> [Source material]
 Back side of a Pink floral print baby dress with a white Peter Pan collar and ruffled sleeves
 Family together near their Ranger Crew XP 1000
==
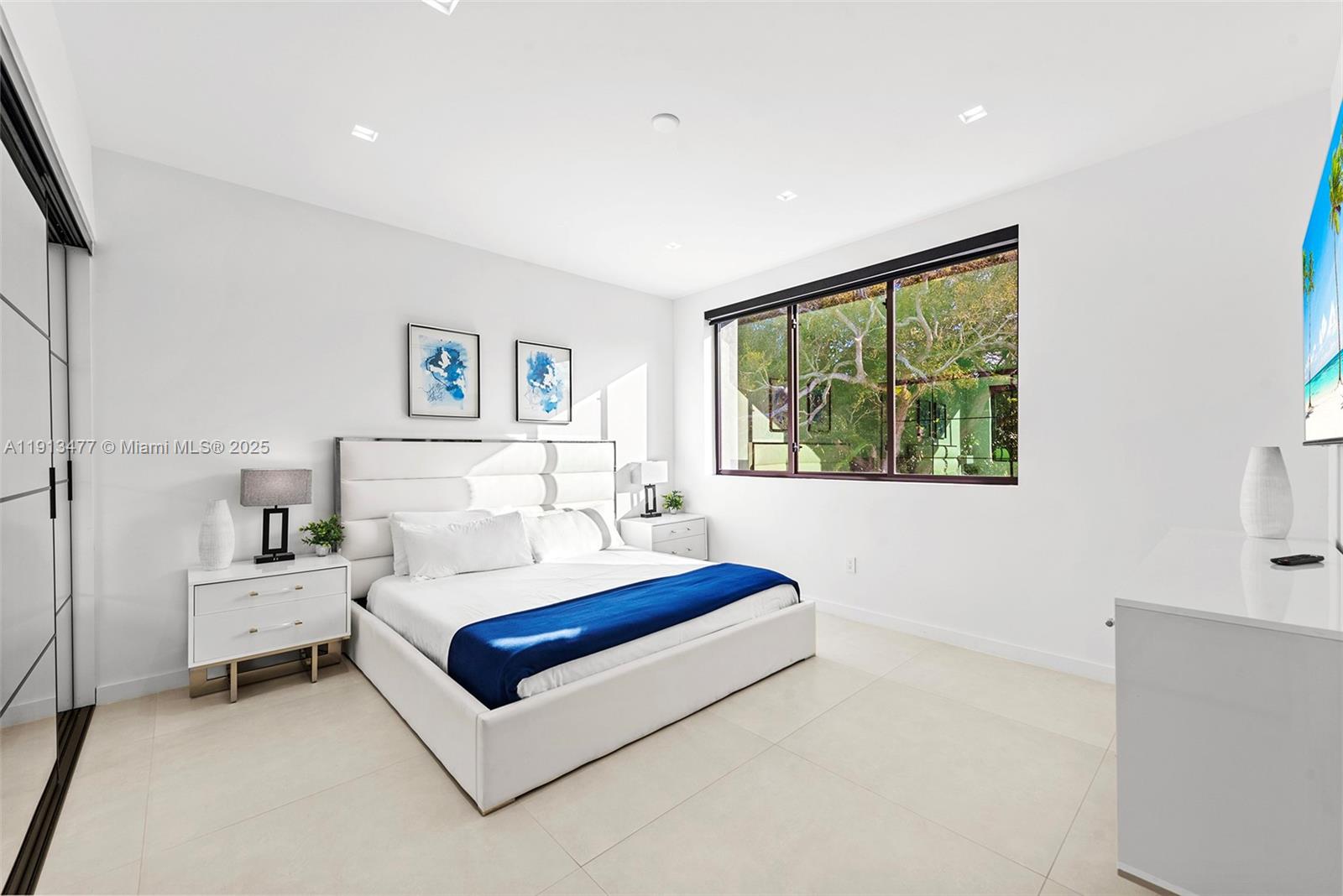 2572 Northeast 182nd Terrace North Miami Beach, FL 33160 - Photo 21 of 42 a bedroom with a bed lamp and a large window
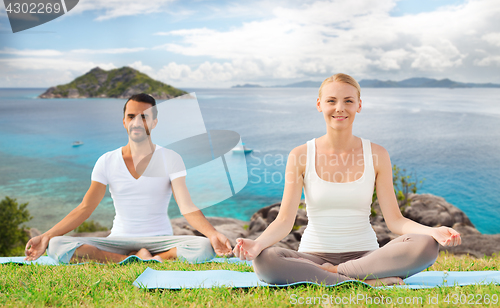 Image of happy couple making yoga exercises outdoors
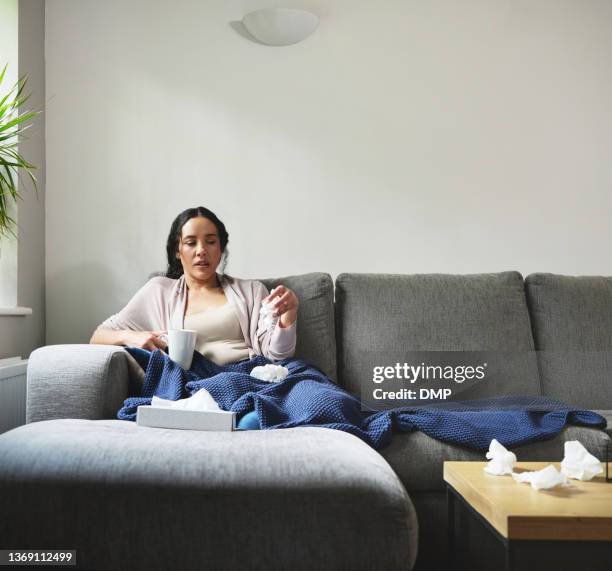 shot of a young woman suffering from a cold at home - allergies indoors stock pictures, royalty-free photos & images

> [Problem to solve] Lines wanted from the entries above: the one with "2572 Northeast 182nd", the one with "shot of a young", and all lines between. Please copy them exactly, without the pictures and without anything else.

> [Written answer]
 2572 Northeast 182nd Terrace North Miami Beach, FL 33160 - Photo 21 of 42 a bedroom with a bed lamp and a large window
 Image of happy couple making yoga exercises outdoors
 shot of a young woman suffering from a cold at home - allergies indoors stock pictures, royalty-free photos & images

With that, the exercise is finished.